Archive for September, 2012

Changing the exam system

September 27, 2012 1 comment


Author: Simon Burgess

It will take a while to fully understand the scope of the proposed changes to the exam system in England.  The exams are obviously very important for students, but also for schools and teachers. Here are some initial thoughts.

A key pledge is to ‘restore rigour’: exams are going to be more rigorous (of course, England has always had at least one exam noted for its rigour. More rigorous might mean different things: it might simply mean more failures or more broadly, greater differentiation between students.

It seems inevitable that one implication of this (in the short run at least) is greater educational inequality. One outcome of making an exam more rigorous is that more students will fail it. It seems hard to see how that could not be true. This is not fatalism; it may well be that over time, teaching brings more students above the line, but there will be a number of cohorts first with more failures. A tougher exam will not be credible if more people pass it. This coupled with a hint of no retakes seems particularly harsh. ‘No second chances’ is an uncompromising view of how to run an education system, and perhaps at odds with much of the rest of public life.

An alternative sense of ‘more rigorous’ is that the new exam will allow for greater differentiation between students.
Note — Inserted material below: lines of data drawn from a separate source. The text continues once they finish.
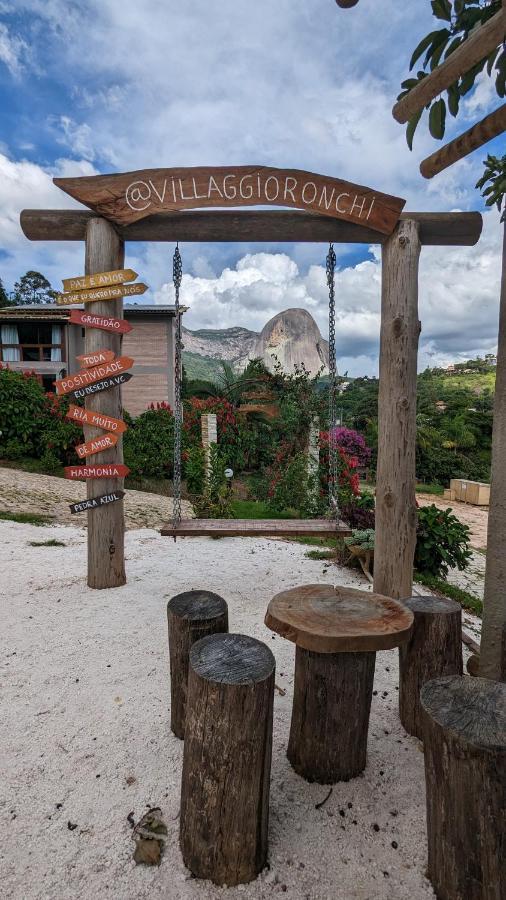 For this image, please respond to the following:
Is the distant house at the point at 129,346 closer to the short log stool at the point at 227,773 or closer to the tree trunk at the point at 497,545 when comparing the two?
the tree trunk at the point at 497,545

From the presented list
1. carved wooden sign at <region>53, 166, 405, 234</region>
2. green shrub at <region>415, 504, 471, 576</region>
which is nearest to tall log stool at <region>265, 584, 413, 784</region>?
carved wooden sign at <region>53, 166, 405, 234</region>

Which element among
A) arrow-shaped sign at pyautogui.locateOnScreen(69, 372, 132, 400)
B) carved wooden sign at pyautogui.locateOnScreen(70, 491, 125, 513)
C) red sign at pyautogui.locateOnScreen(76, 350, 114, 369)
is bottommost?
carved wooden sign at pyautogui.locateOnScreen(70, 491, 125, 513)

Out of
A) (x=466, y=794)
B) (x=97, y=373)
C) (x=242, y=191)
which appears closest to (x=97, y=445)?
(x=97, y=373)

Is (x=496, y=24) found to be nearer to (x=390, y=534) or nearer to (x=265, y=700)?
(x=265, y=700)

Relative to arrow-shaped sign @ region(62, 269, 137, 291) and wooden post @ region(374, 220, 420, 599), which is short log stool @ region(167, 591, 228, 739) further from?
arrow-shaped sign @ region(62, 269, 137, 291)

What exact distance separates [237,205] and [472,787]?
4051 mm

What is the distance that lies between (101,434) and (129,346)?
577 inches

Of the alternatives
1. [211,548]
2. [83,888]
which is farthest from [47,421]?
[83,888]

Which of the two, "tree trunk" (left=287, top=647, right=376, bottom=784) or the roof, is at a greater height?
the roof

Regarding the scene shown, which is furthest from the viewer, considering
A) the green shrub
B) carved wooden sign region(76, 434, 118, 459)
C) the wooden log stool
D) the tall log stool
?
the green shrub

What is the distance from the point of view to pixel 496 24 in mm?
1844

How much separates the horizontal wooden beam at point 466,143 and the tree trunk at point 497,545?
544mm

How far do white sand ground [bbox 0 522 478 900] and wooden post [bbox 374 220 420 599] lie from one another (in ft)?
2.82

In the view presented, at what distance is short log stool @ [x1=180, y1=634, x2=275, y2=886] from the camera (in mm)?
1612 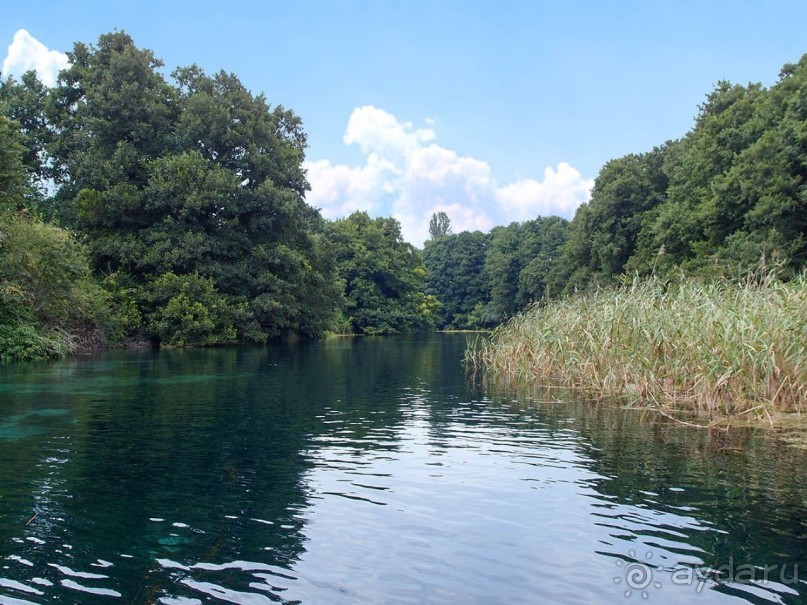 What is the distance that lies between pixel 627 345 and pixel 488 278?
98.5 metres

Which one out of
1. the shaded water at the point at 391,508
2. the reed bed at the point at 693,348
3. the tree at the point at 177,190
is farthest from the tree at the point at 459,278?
the shaded water at the point at 391,508

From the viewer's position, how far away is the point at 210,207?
50406 millimetres

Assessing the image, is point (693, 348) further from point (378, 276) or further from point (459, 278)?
point (459, 278)

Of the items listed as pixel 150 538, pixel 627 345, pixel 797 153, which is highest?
pixel 797 153

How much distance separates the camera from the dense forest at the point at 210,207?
3469 centimetres

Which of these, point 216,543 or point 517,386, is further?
point 517,386

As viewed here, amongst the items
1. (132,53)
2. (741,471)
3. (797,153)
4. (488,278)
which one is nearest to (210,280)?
(132,53)

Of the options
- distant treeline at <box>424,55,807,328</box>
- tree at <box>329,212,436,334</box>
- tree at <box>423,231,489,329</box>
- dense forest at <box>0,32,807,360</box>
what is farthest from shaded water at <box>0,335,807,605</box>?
tree at <box>423,231,489,329</box>

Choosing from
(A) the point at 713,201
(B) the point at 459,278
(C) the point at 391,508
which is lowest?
(C) the point at 391,508

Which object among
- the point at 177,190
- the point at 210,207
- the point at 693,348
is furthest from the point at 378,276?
the point at 693,348

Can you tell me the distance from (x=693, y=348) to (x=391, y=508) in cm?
944

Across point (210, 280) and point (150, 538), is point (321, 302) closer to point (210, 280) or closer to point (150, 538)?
point (210, 280)

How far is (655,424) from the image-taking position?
47.2ft

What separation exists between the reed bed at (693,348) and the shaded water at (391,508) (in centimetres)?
168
This is as much to do with the marking and reporting as the nature of the exam itself. Rather than proliferating letters and multiple stars, one way to do this that has been mooted is to simply report percentages. More or less differentiation – separating or pooling in economics terms – has a number of implications. On the plus side, it may enable more efficient matching of workers and jobs, raising average productivity; it is likely to incentivise greater effort at school as students currently more-or-less assured of an A* grade push on to shoot for 90%+. On the down side, there will be greater inequality of attainment and consequently greater inequality of earnings. It is not obvious how sizeable these pros and cons are, but there is no guarantee that the outcome will be a happy one.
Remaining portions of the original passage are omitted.